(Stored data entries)
------

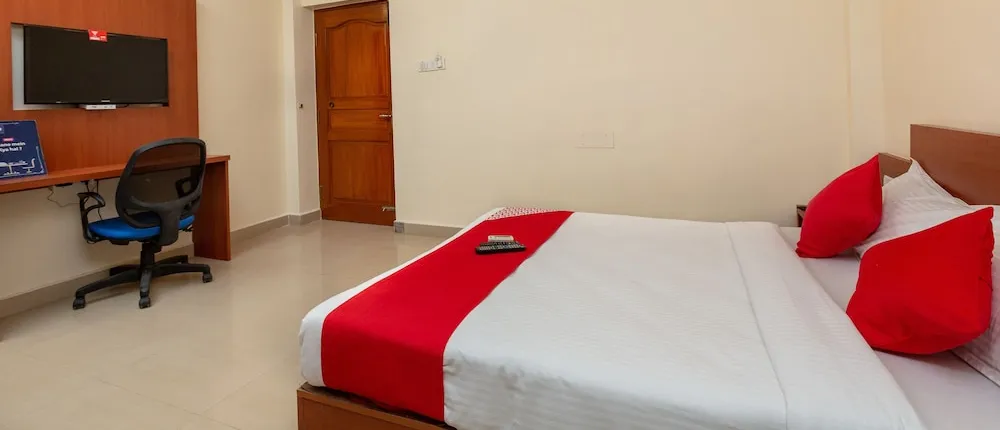 OYO 22105 Hotel Half Moon Inn
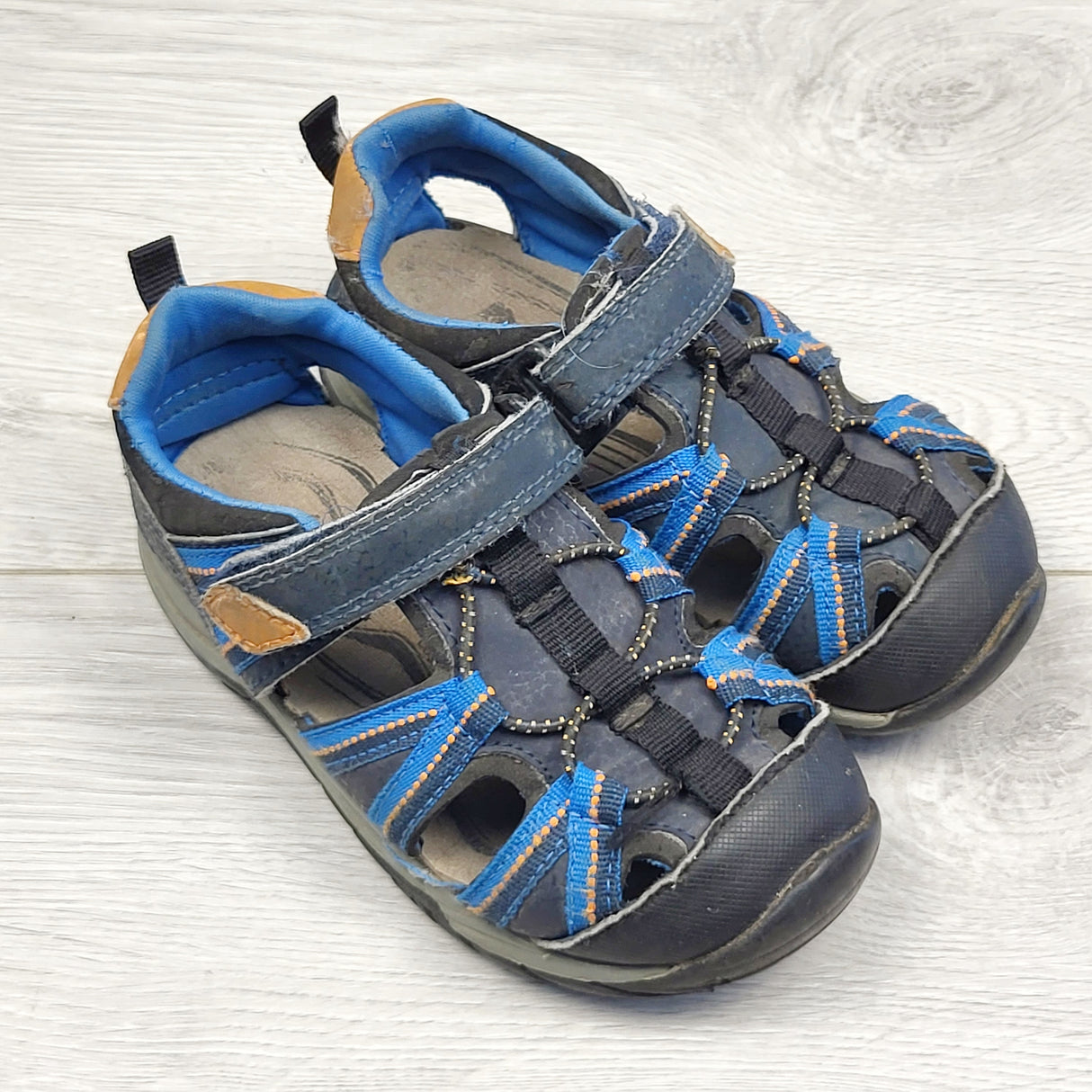 MSK1 - Navy closed toe sports sandals. Size 9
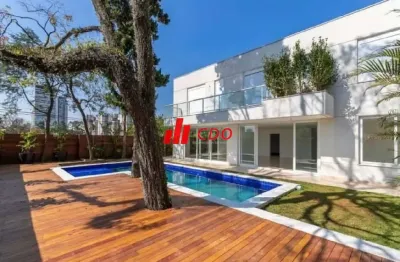 Excelente residência em condomínio na zona sul, com 4 dormitórios sendo 4 suítes,4 salas,8 vagas, área de 786,97 m²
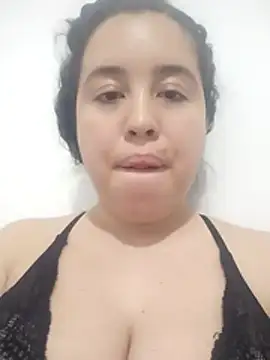 nia_taylorX webcam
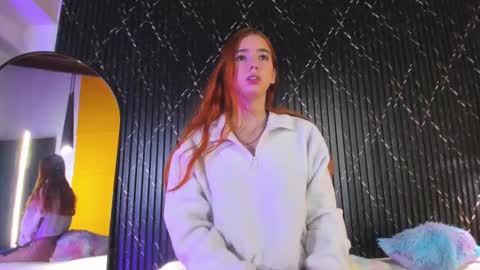 Snapshot of alana_333 chatting on October 26, 2:23 pm A L A N A  online show from October 26, 2:23 pm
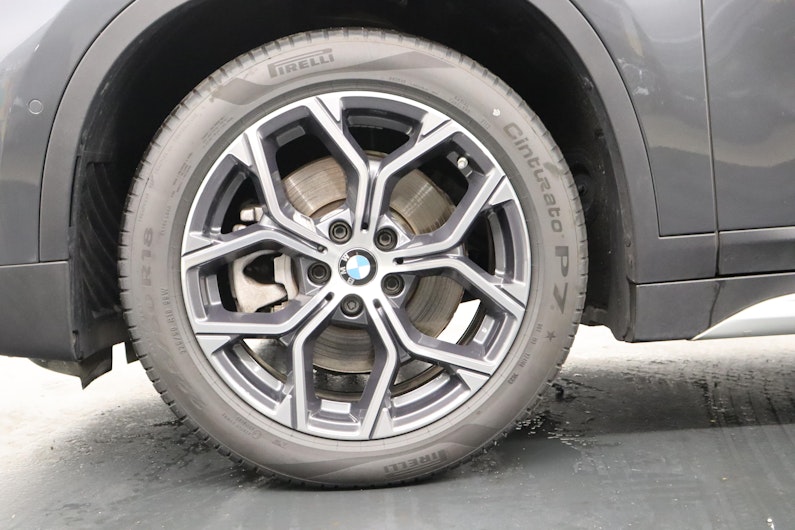 Vehicle image BMW X1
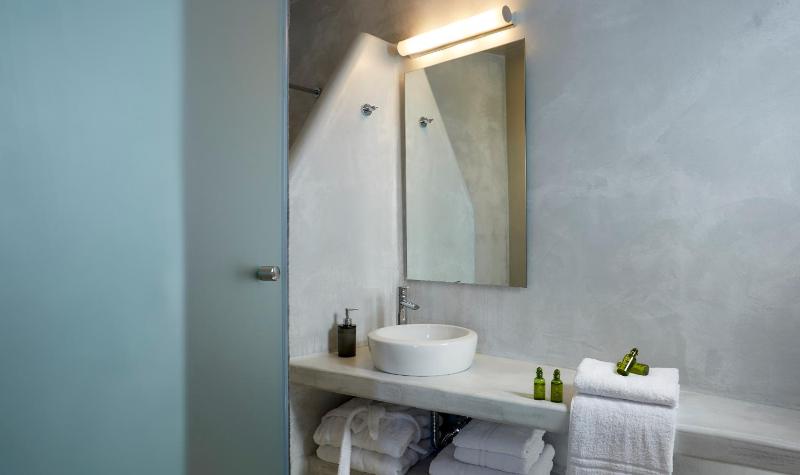 Aperanto Suite with Sea View & outdoor Jacuzzi image 4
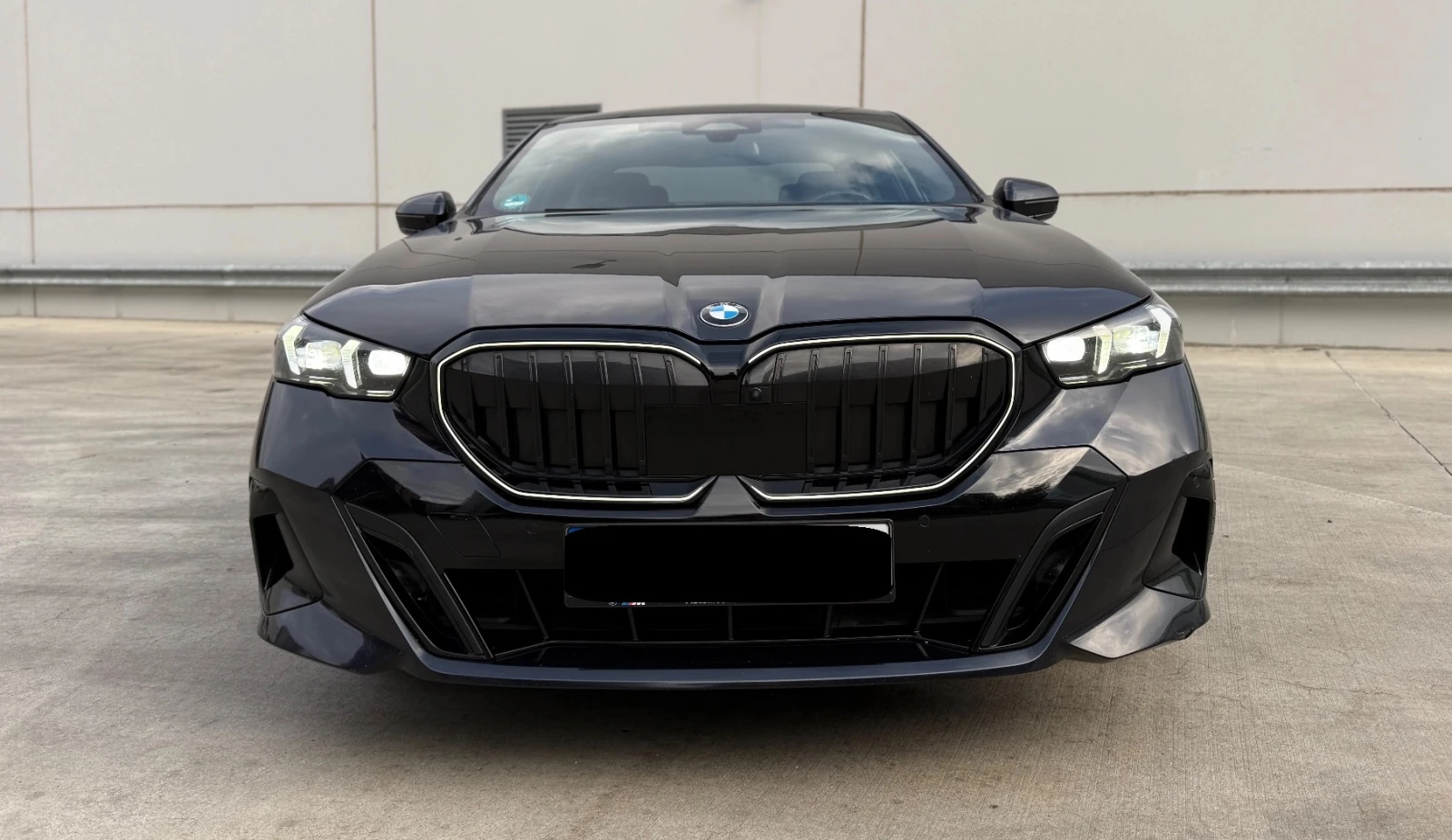 BMW 520 d xDrive M Sportpaket Pro, снимка 2 - Автомобили и джипове - 56719339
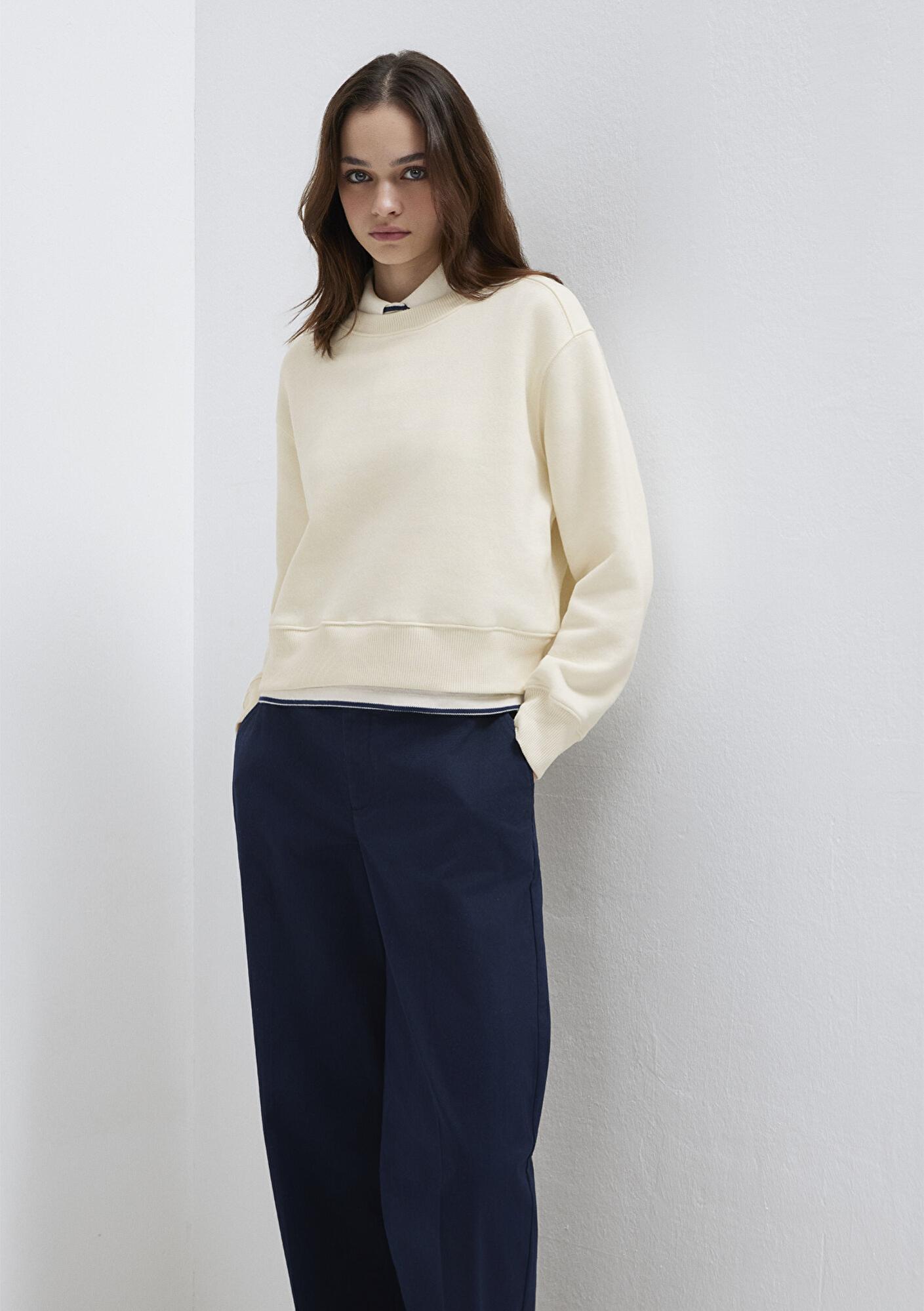 Mavi Bisiklet Yaka Ekru Sweatshirt 1S10387-70049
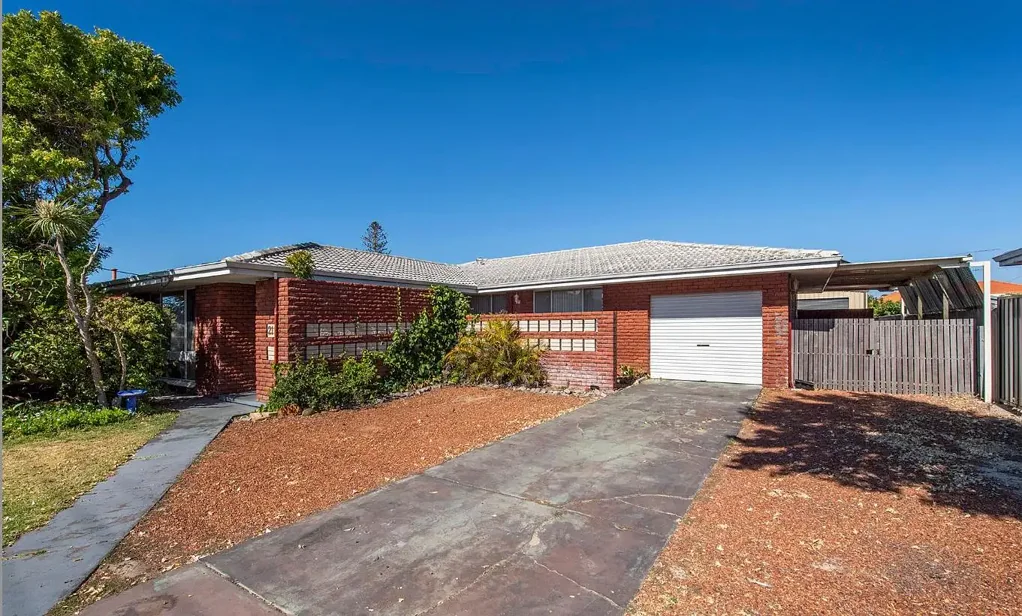 Charming Coastal Retreat at 21 Waikiki Road, Safety Bay
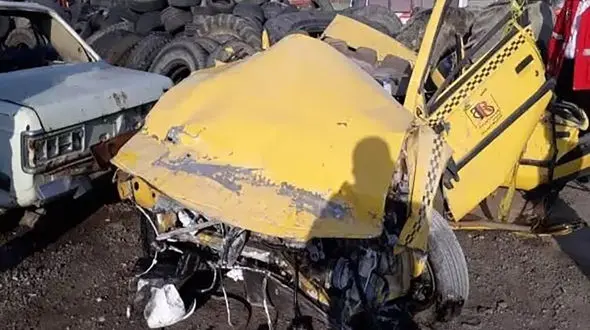 مرگ فجیع 5 جوان تهرانی در تصادف تاکسی با دیوار لاستیک فروشی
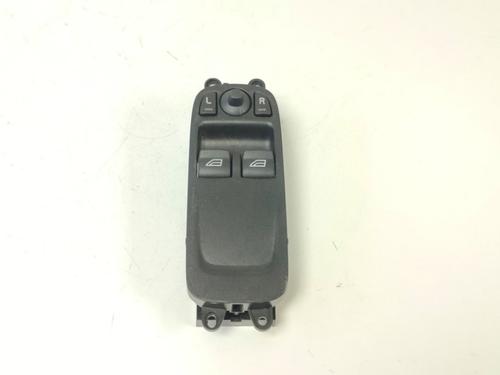 Used Switch Switch VOLVO C30 (533) 1.6 D (109 hp) 33787095 33787095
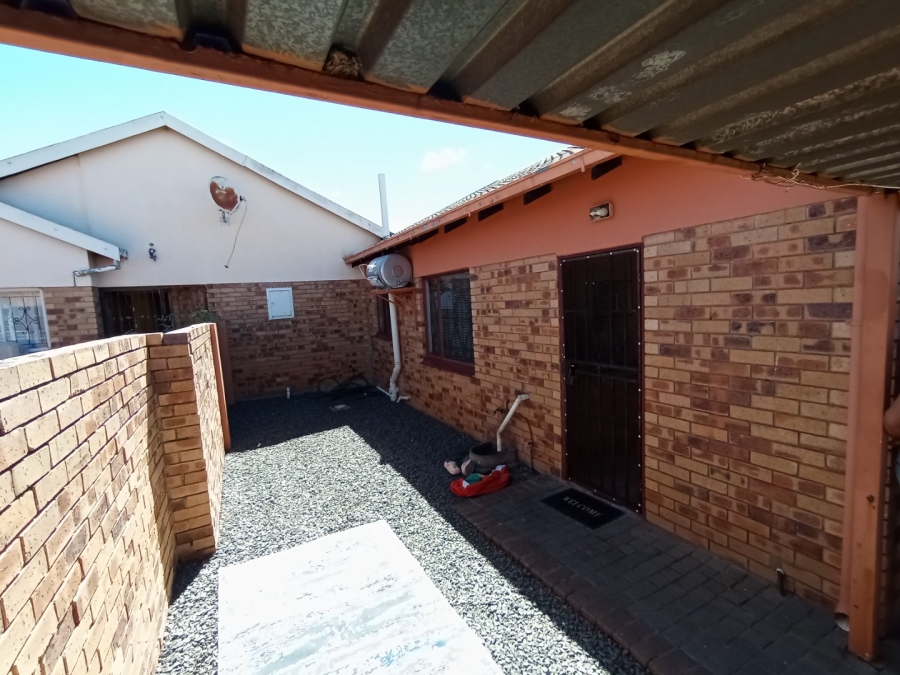 2 Bedroom Property for Sale in Bloemside Free State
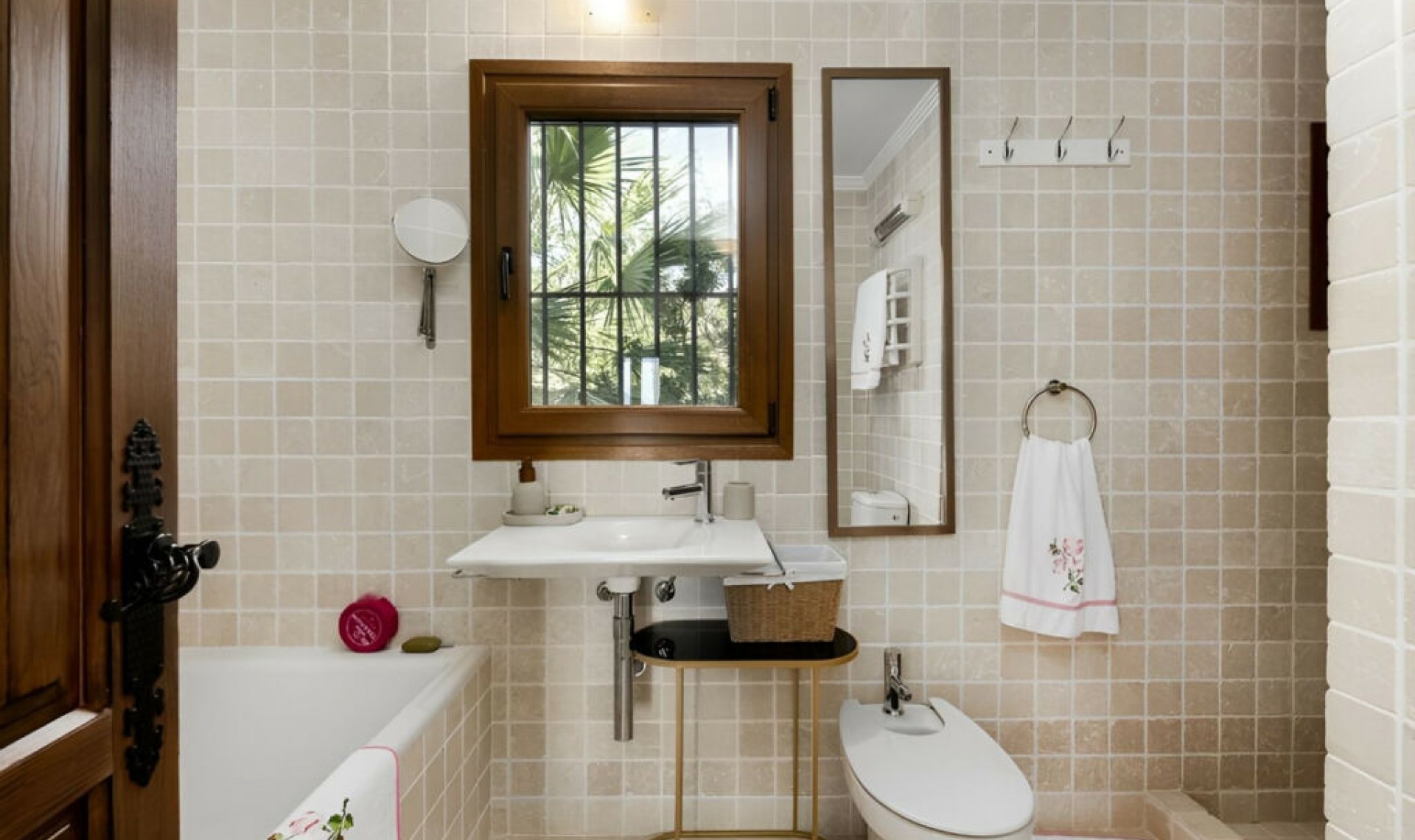 Resale - House -
Málaga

------

#### [REQUIRED ACTION]
Retype the records verbatim, but not their images.

#### [TASK RESPONSE]
 OYO 22105 Hotel Half Moon Inn
 MSK1 - Navy closed toe sports sandals. Size 9
 Excelente residência em condomínio na zona sul, com 4 dormitórios sendo 4 suítes,4 salas,8 vagas, área de 786,97 m²
 nia_taylorX webcam
 Snapshot of alana_333 chatting on October 26, 2:23 pm A L A N A  online show from October 26, 2:23 pm
 Vehicle image BMW X1
 Aperanto Suite with Sea View & outdoor Jacuzzi image 4
 BMW 520 d xDrive M Sportpaket Pro, снимка 2 - Автомобили и джипове - 56719339
 Mavi Bisiklet Yaka Ekru Sweatshirt 1S10387-70049
 Charming Coastal Retreat at 21 Waikiki Road, Safety Bay
 مرگ فجیع 5 جوان تهرانی در تصادف تاکسی با دیوار لاستیک فروشی
 Used Switch Switch VOLVO C30 (533) 1.6 D (109 hp) 33787095 33787095
 2 Bedroom Property for Sale in Bloemside Free State
 Resale - House -
Málaga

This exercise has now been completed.